GraphGONet
From the article entitled GraphGONet: a self-explaining neural network encapsulating the Gene Ontology graph for phenotype prediction on gene expression (submitted to Bioinformatics) by Victoria Bourgeais, Farida Zehraoui, and Blaise Hanczar.
Description
GraphGONet is a self-explaining neural network integrating the Gene Ontology into its hidden layers.
Get started
The code is implemented in Python (3.6.7) using PyTorch v1.7.1 and PyTorch-geometric v1.6.3 (see requirements.txt for more details about the additional packages used).
Dataset
The full microarray dataset can be downloaded on ArrayExpress database under the id E-MTAB-3732.
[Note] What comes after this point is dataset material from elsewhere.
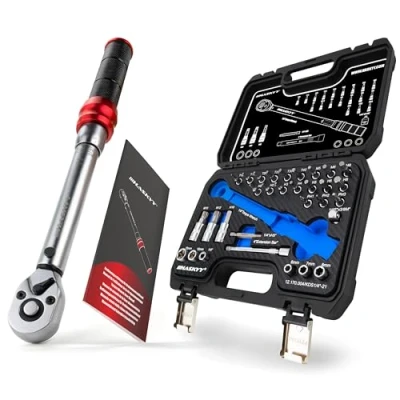 Image de HASKYY Jeu de clés dynamométriques 0,6 cm 2,5 20 Nm Mécanique précision avec nombreux accessoires tels que tige d&#039;extension, embouts, inserts d&#039;écrous, adaptateurs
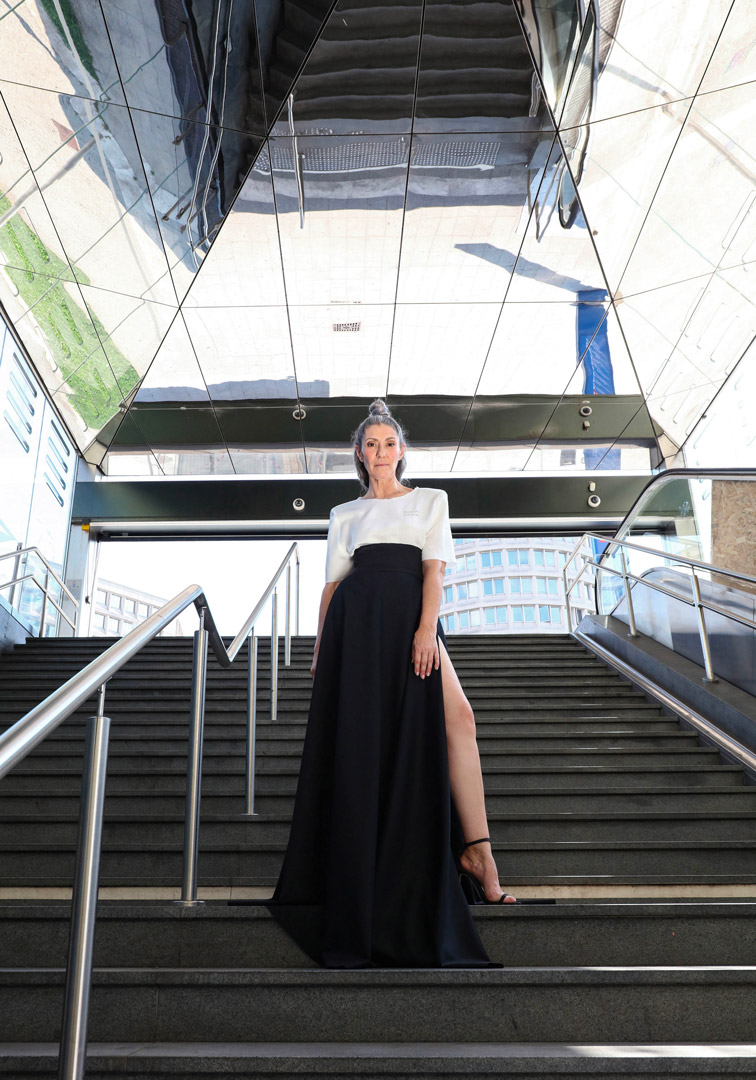 Valeria Sechi, Italian grey hair model, wearing Luve Atelier clothing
TCGA dataset can be downloaded from GDC portal.
Here, you can find the pre-processed training, validation and test sets with additional files for NN architecture to test the network: https://entrepot.ibisc.univ-evry.fr/d/d4764174275347f09862/
Usage
Example on TCGA dataset:
Train
python3 scripts/GraphGONet.py --save --n_inputs=18427 --n_nodes=10636 --n_nodes_annotated=8288 --n_classes=12 --selection_op="top" --selection_ratio=0.001 --n_epochs=50 --es --patience=5 --class_weight
Comparison with random selection
python scripts/GraphGONet.py --save --n_inputs=18427 --n_nodes=10636 --n_nodes_annotated=8288 --n_classes=12 --selection_op="random" --selection_ratio=0.001 --n_epochs=50 --es --patience=5 --class_weight
Comparison with no selection
python scripts/GraphGONet.py --save --n_inputs=18427 --n_nodes=10636 --n_nodes_annotated=8288 --n_classes=12 --n_epochs=50 --es --patience=5 --class_weight
Train the model with a small number of training samples
python scripts/GraphGONet.py --save --n_samples=50 --n_inputs=18427 --n_nodes=10636 --n_nodes_annotated=8288 --n_classes=12 --selection_op="top" --selection_ratio=0.001 --n_epochs=50 --es --patience=5 --class_weight
Help
All the details about the command line flags can be provided by the following command:
python scripts/GraphGONet.py --help
For most of the flags, the default values can be employed. dir_data, dir_files, and dir_log can be set to your own repositories. Only the flags in the command lines displayed have to be adjusted to reproduce the results from the paper. If you have enough GPU memory, you can choose to switch to the entire GO graph (argument type_graph set to "entire"). The graph can be reconstructed by following the notebooks: Build_GONet_graph_part{1,2,3}.ipynb located in the notebooks directory. Then, you should change the value of the arguments n_nodes and n_nodes_annotated in the command line.
Interpretation tool
Please see the notebook entitled Interpretation_tool.ipynb (located in the notebooks directory) to perform the biological interpretation of the results.